Ce passage indique que l'édition du *Saṃyuktāgama* a suivi cet ordre : (1) les correspondances des agrégats ; (2) les correspondances des bases sensorielles ; (3) les correspondances de la production conditionnée, de la nourriture, des vérités, des éléments et des sentiments, accompagnées (a) des paroles des disciples śrāvakas et (b) des paroles du Ainsi-Venu ; (4) les correspondances des fondements de l'attention, des efforts justes, des bases du pouvoir spirituel, des facultés, des pouvoirs, des facteurs de l'éveil, des facteurs de la voie, de l'attention à la respiration, de l'entraînement et de l'accomplissement pur, ainsi que (c) les correspondances des assemblées selon les huit assemblées. L'ensemble forme : (1) la Récitation des Agrégats (*Skandhasaṃyukta*) ; (2) la Récitation des Bases Sensorielles (*Āyatana-saṃyukta*) ; (3) la Récitation de la Production Conditionnée (*Pratītyasamutpāda-saṃyukta*) ; (a) la Récitation des Paroles des Disciples (*Śrāvakabhāṣita-saṃyukta*) ; (b) la Récitation des Paroles du Ainsi-Venu (*Tathāgatabhāṣita-saṃyukta*) ; (4) la Récitation de la Voie (*Mārga-saṃyukta*) ; (c) la Récitation des Huit Assemblées (*Aṣṭaparṣad-saṃyukta*). Tels sont l'ordre et le contenu des sūtras du *Saṃyuktāgama* lors de la première compilation. Parmi eux, (1), (2), (3) et (4) constituent « ce qui est dit » ; (a) et (b), « celui qui parle » ; (c), « ceux à qui cela est dit ». Bien que les sūtras des Āgamas varient en longueur, leur contenu est identique : le *Madhyamāgama* et le *Dīrghāgama* furent chacun compilés sur la base de leur longueur, moyenne pour le premier et longue pour le second ; le *Ekottarāgama* fut compilé selon l'énumération progressive des dharmas. Le *Yogācārabhūmi-śāstra* ajoute :

« La parole du Bouddha est embrassée par neuf sujets. Quels sont ces neuf ? (1) le sujet des êtres ; (2) le sujet de la jouissance ; (3) le sujet de la survenue ; (4) le sujet de l'établissement ; (5) le sujet de la souillure et de la pureté ; (6) le sujet de la distinction ; (7) le sujet de celui qui parle ; (8) le sujet de ce qui est dit ; (9) le sujet de l'assemblée. Le sujet des êtres renvoie aux cinq agrégats d'appropriation. Le sujet de la jouissance renvoie aux douze bases sensorielles. Le sujet de la survenue renvoie à la production conditionnée en douze membres et à ce qui en est conditionnellement produit. Le sujet de l'établissement renvoie aux quatre sortes de nourriture. Le sujet de la souillure et de la pureté renvoie aux quatre nobles vérités. Le sujet de la distinction renvoie aux domaines immesurables. Le sujet de celui qui parle renvoie au Bouddha et à ses disciples.
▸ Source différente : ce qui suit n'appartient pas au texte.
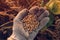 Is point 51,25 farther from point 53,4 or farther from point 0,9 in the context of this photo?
point 0,9

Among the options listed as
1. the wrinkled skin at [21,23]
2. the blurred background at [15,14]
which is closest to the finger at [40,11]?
→ the wrinkled skin at [21,23]

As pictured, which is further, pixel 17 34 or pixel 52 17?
pixel 52 17

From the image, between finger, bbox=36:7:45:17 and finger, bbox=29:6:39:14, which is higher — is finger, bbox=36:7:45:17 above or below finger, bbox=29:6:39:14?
below

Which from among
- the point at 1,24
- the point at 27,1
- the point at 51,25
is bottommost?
the point at 51,25

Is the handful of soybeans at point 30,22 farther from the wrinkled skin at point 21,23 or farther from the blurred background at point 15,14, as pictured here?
the blurred background at point 15,14

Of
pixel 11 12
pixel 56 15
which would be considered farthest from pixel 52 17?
pixel 11 12

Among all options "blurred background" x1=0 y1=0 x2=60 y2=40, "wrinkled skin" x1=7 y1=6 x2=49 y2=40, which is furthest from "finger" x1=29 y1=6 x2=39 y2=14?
"blurred background" x1=0 y1=0 x2=60 y2=40

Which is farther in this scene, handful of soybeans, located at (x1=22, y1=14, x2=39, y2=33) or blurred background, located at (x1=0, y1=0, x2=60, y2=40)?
blurred background, located at (x1=0, y1=0, x2=60, y2=40)

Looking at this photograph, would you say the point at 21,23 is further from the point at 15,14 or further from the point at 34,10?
the point at 15,14

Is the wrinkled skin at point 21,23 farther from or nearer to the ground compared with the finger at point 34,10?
nearer to the ground

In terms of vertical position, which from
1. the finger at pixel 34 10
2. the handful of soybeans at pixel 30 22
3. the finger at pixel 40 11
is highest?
the finger at pixel 34 10

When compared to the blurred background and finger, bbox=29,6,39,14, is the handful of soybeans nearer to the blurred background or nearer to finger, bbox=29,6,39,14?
finger, bbox=29,6,39,14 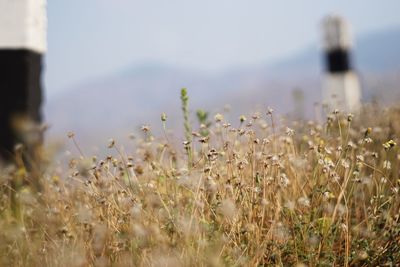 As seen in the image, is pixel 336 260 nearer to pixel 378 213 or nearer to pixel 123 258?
pixel 378 213

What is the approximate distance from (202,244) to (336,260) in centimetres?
74

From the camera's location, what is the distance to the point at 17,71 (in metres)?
5.15

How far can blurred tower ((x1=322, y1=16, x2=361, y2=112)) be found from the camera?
903 cm

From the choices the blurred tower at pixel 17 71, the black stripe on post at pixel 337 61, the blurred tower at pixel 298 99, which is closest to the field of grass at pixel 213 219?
the blurred tower at pixel 17 71

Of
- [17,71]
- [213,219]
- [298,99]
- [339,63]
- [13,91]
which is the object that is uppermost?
[339,63]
Le sujet de ce qui est dit renvoie aux facteurs de l'éveil, à commencer par les quatre fondements de l'attention. Le sujet de l'assemblée renvoie aux huit assemblées : (1) l'assemblée des kṣatriyas ; (2) l'assemblée des brāhmaṇas ; (3) l'assemblée des chefs de famille ; (4) l'assemblée des śramaṇas ; (5) l'assemblée des Quatre Grands Rois Célestes ; (6) l'assemblée des Trente-Trois Dieux ; (7) l'assemblée des dieux Yāma ; (8) l'assemblée des dieux Brahmā. » (T30, p294a)

Ce passage montre que les quelque quarante années d'enseignement de l'Honoré du Monde reviennent à : (1) les cinq agrégats d'appropriation ; (2) les douze bases sensorielles ; (3) la production conditionnée en douze membres et ce qui en est conditionnellement produit ; (4) les quatre sortes de nourriture ; (5) les quatre nobles vérités ; (6) les domaines immesurables ; (a, b) le Bouddha et ses disciples ; (7) les facteurs de l'éveil tels que les quatre fondements de l'attention ; (c) les huit assemblées. Ces formules correspondent à l'ordre indiqué plus haut. Quant à la réorganisation de ces douze enseignements en quatre Āgamas, voici comment se présenta le travail éditorial :

- **[1]** Dans le *Sūtra*, les sections des Agrégats, des Bases Sensorielles et de la Production Conditionnée furent compilées respectivement dans la *Récitation des Agrégats*, la *Récitation des Bases Sensorielles* et la *Récitation de la Production Conditionnée* du *Saṃyuktāgama* ; la section de la Voie, dans la *Récitation de la Voie* du même *Saṃyuktāgama*.

- **[2]** Les *Geya* (versets de remémoration) furent répartis à la fin des sūtras des Āgama correspondants.

- **[3]** Au sein des *Vyākaraṇa* (prophéties), les prophéties des disciples et les prophéties du Ainsi-Venu furent compilées séparément dans la *Récitation des paroles des disciples* et la *Récitation des paroles du Ainsi-Venu* du *Saṃyuktāgama*. Les quatre types de prophéties en réponse (*catvāri praśna-vyākaraṇāni*) furent assignés au *Madhyamāgama* et au *Dīrghāgama*.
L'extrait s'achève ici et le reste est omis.